If you would like absolute control, transparency and flexibility with your super, then a Self Managed Superannuation Fund (SMSF) may be right for you.

  • You control how your super is invested.
  • Your investment returns, fees and tax are fully transparent.

As you are in control, you have the flexibility to invest in a wide range of investments either through your own research into shares and properties familiar to you, or in combination with a Financial Planner at HC Partners.


What is an SMSF?

Like all superannuation funds, an SMSF is a way of saving for your retirement.

The difference between an SMSF and a retail or industry fund is that the members are also the ‘trustees’ – i.e. the members run the SMSF for their own benefit.

An SMSF can have up to four members – often a husband and wife and potentially children, business partners or other family.

Once established, you have the ability to control your investment choices, creating an investment portfolio that is 100% tailored to your needs.

Is there a minimum balance required to start a SMSF?

No, however the general industry rule of thumb is a balance of approximately $200,000. This is calculated by allowing $2,000 for annual compliance costs representing 1% of the balance.  This would be competitive with many retail super funds.

Although there is no minimum balance for starting a Self Managed Superannuation Fund, the upfront establishment fees and mostly fixed annual compliance costs generally mean a higher balance is required to justify the cost.

What investments can I invest in?

  • Shares listed on the ASX or other international exchanges
  • Term deposits
  • Managed funds
  • Hybrid securities
  • Residential and commercial property
  • Insurance

What responsibilities do trustees have?

While there is little doubt that an SMSF can provide you with greater control, flexibility and transparency of your super, it must also be remembered that along with these benefits comes additional risk and complexity.
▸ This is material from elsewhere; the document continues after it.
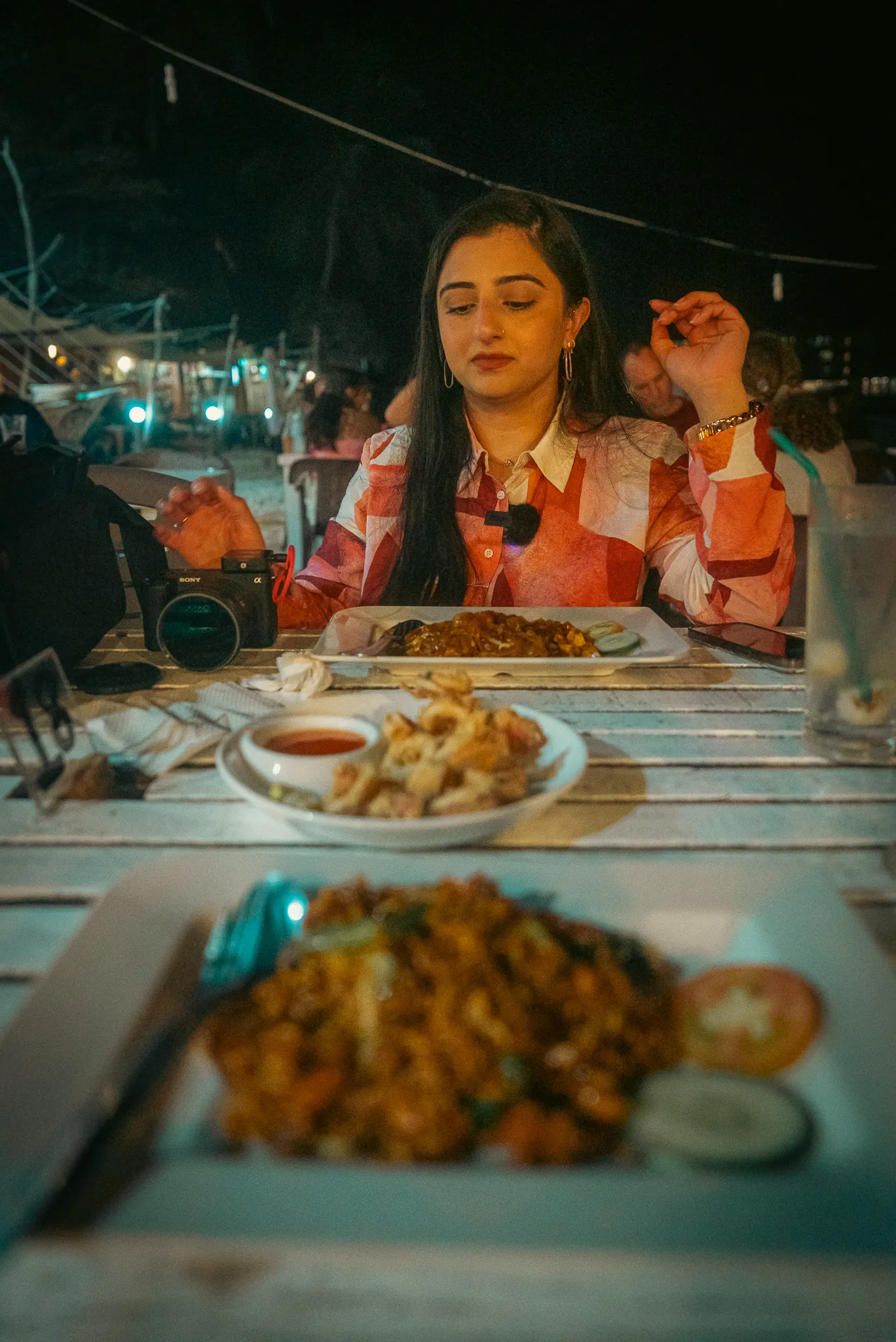 Aroob and I dining at Panorama Cafe on Long Beach at night, with plates of calamari, Maggi Goreng, and Char Kway Teow on the table.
Added flexibility and control brings with it added responsibilities for the funds’ members and trustees.

These responsibilities, if not followed, may result in the fund not being eligible for tax concessions – one of the key benefits of holding assets in superannuation.

A penalty regime has also been introduced which gives the ATO the power to apply penalties including fines issued directly to the trustees and mandating further trustee education courses.

Some of the areas of responsibility include:

  • Accepting contributions and paying benefits
  • Appointing an auditor
  • Record keeping and other administrative tasks
  • Considering insurance needs of members

These are but a few of the many requirements – all of which we can assist you with.

Can I use my superannuation to purchase a property?

Yes. As mentioned above, an SMSF can invest in a residential or commercial property; however, there are rules about purchasing property from related parties.

Commercial property:

  • Can be purchased from a related party as long as it is on normal commercial terms and classified as Business Real Property
  • Can be leased to a related party of the fund as long as the lease is on normal commercial terms

Residential property:

  • Cannot be purchased from or leased to a related party under any circumstances

Although there are very strict rules to follow, an SMSF can also borrow funds to purchase a commercial or residential property. Just ask us how.

How can HC Partners help with SMSFs?

Being a Chartered Accounting and Financial Planning firm, we can provide a wide range of services for SMSFs, including establishment, compliance, investment advice, management and detailed retirement planning, including Transition to Retirement Pensions.  We can also advise on property borrowing and Limited Recourse Borrowing Arrangements (LRBAs).

What are the costs?

As many of the expenses associated with operating an SMSF are fixed amounts, the general rule is that the bigger the size of the fund, the more cost effective it becomes to run an SMSF.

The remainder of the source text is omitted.